Background: Sickle cell disease (SCD) is an autosomal recessive genetic disorder, with persons heterozygous for the mutation said to have the sickle cell trait (SCT). Serious adverse effects are mainly limited to those with SCD, but the distinction between disease and trait is not always clear to the general population. We sought to determine the accuracy of self-reported SCD when compared to genetic confirmation. Methods: From stratified random samples of Southern Community Cohort Study participants, we sequenced the β- globin gene in 51 individuals reporting SCD and 75 individuals reporting no SCD. Results: The median age of the group selected was 53 years (range 40-69) with 29% male. Only 5.9% of the 51 individuals reporting SCD were confirmed by sequencing, with the remaining 62.7% having SCT, 5.9% having hemoglobin C trait, and 25.5% having neither SCD nor trait. Sequencing results of the 75 individuals reporting no SCD by contrast were 100% concordant with self-report. Conclusions: Misreporting of SCD is common in an older adult population, with most persons reporting SCD in this study being carriers of the trait and a sizeable minority completely unaffected. The results from this pilot survey support the need for increased efforts to raise community awareness and knowledge of SCD.
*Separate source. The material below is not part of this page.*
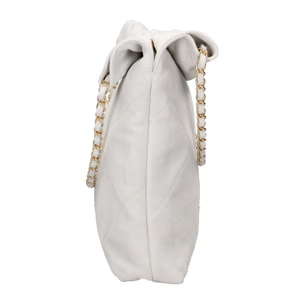 Borsa a spalla da donna Made in Italy - Modello Celeste Elite - Pelle scamosciata - 32.0 x 34.0 x 6.0 cm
Sickle cell disease (SCD), which affects as many as one in every 365 births among African Americans in the US [1], encompasses a group of related recessive blood disorders caused by mutations in the β-globin gene (HBB) and is defined by the presence of at least one hemoglobin S (Hb S) allele [2]. Homozygous Hb SS, referred to as sickle cell anemia, is the most common form of the disease; however, SCD can also result from coinheritance of Hb S with a second abnormal β-globin chain variant, such as a hemoglobin C (Hb C) or β-thalassemia allele. Individuals with only a single abnormal β-globin allele do not have SCD themselves; however, they can have affected children, since they are carriers of the sickle cell trait (SCT).

The high rates of morbidity and mortality associated with chronic anemia, vaso-occlusive events, and tissue damage resulting from obscured blood flow in SCD have a major impact on individuals and families with the disease and make it a significant public health concern [3,4,5]. In the US, approximately 83,000 adults and 30,000 children were hospitalized with an SCD discharge diagnosis in 2004 alone, generating estimated costs of almost USD 500 million [6]. In addition, as many as 3 million individuals in the US carry SCT, and although SCT is largely asymptomatic, it has been associated under certain conditions with an increased risk for serious adverse events, including sudden death during strenuous exercise, venous thromboembolism, and renal complications [7,8]. National data on the prevalence of SCD or SCT by age are not available, but SCD would be expected to be lower in adults over age 40, due to decreased life expectancies.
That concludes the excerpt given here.